J’en ai marre des poussettes qui bloquent le passage. J’en ai marre des gens qui partent en voyage en avion. Leurs bagages entravent le passage. J’en ai marre qu’ils aient l’air heureux. J'en ai marre de penser que leur avion arrivera à l'heure.
J’en ai marre d’être assis à côté de gens que je ne connais pas. De les observer du coin de l’œil. De chercher instinctivement leur odeur. J’en ai marre des gens qui cherchent à tout prix à intercepter le titre du livre que je lis.

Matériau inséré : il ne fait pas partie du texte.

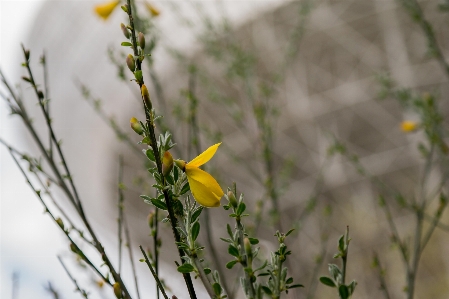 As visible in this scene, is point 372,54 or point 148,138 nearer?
point 148,138

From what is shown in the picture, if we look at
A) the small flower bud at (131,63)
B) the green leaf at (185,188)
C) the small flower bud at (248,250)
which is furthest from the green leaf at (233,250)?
the small flower bud at (131,63)

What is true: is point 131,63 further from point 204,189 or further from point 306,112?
point 306,112

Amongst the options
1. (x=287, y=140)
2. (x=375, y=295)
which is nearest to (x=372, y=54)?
(x=287, y=140)

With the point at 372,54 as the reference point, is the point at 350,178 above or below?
below

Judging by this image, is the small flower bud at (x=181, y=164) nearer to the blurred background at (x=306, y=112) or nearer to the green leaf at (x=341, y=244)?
the green leaf at (x=341, y=244)

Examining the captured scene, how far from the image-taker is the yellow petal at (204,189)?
0.75 meters

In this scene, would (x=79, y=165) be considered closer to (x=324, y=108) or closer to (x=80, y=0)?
(x=80, y=0)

J’en ai marre de voir les retards s’accumuler : des minutes, des heures, des jours entiers, et d’être complètement impuissant.
J’en ai marre quand la sonnerie de détresse se met à retentir. J’en ai marre de retenir ma respiration, sachant déjà que je ne rentrerai pas à l’heure. J’en ai marre de voir le contrôleur hors du train parlementer avec le conducteur, employer son téléphone, faire de grands gestes.

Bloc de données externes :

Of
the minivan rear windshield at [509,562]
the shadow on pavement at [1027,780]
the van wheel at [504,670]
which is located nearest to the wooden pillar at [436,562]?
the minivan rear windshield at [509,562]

J’en ai marre des gens qui mangent des hamburgers et des frites. Le wagon pue. Je les envie. J’en ai marre d’avoir soif. J’en ai marre d’avoir mal au crâne. Jen ai marre davoir faim.
J’en ai marre de boire des mauvais cafés parce que le train n’arrive pas, parce qu’il n’y a pas d’aubette, parce que j’ai froid. J’en ai marre d’avoir froid.

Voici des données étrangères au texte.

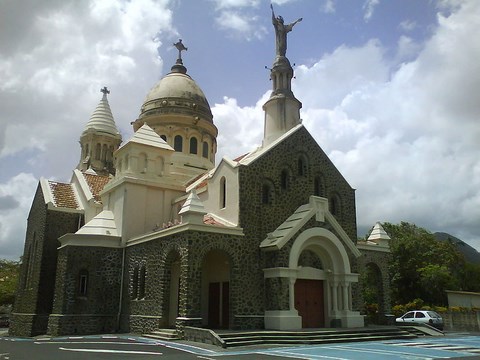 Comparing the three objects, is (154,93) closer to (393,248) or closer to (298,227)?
(298,227)

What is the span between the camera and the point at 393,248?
140 ft

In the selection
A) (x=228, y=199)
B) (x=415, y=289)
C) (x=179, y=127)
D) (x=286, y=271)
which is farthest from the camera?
(x=415, y=289)

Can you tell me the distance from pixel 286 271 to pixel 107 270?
33.0 feet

Jen ai marre de prendre le train. 

la réunion de parents

Réunion de parents, ce soir. Donc, forcément, retard de train. 10 minutes. C'était tellement prévisible. Tout le monde sait que grâce aux bons soins de la SNCB, un rendez-vous en toute fin de journée nécessite de prendre une journée complète de congé ! Autant faire bonne figure: 10 minutes, ça me laisse le temps d'aller acheter le goûter des enfants, pour demain. Puis le retard devient 15 minutes. On connaît la chanson. Finalement, le train suivant passe le premier. Surbourré, bien entendu. Des gens debouts dans les couloirs. Quelques téméraires accrochés aux portes. Un cinglé juché sur le toit (ok, j'exagère). Finalement je monte dans le train qui était en retard (le premier, vous me suivez ?). J'arrive donc en retard -ben oui- à la réunion de parents. Tout ça entrendre la maîtresse, me voyant tout rouge et essoufflé -j'ai couru d'une traite depuis la gare de M.-, la maîtresse, donc, me dire, très sympathiquement: "Il ne fallait pas vous presser. Votre fille travaille très bien en classe. Vous auriez pu vous épargner de venir !".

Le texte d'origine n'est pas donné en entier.